Schools like Harvard and Penn have set a dangerous precedent for other elite institutions, proving that as long as one has a big enough platform and the right connections, the entire administration can be bent to their will.
It’s time for colleges to stand their ground against these influences — with Harvard’s $6.1 billion in operating revenue and Penn’s staggering $15 billion, the fate of faculty and administrations shouldn’t be left in the hands of a select few donors who want their names plastered on new buildings.

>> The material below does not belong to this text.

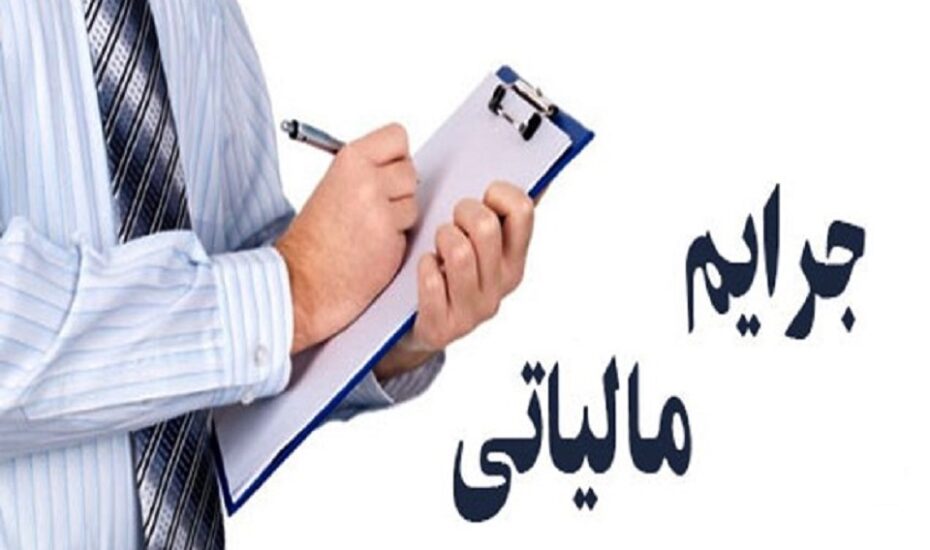ابلاغ بخشودگی جرایم مالیاتی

In terms of student demonstrations, the past few months have shown that neutrality always leaves someone offended. Instead of trying to keep their grasp on the entire situation, colleges should focus on drawing a clear line on behavior that is genuinely harmful, intervening to stop doxxing, rioting, or other violence. At the same time, administrations should promote clear, productive discussions or public forums that may actually have a chance at de-escalating tensions and increasing genuine understanding.
Absent action, it wouldn’t be surprising if more and more incidents like these continue to pop up around the country’s most prestigious schools as students like us enter them — as we have seen, all it takes is one question to set the whole country ablaze.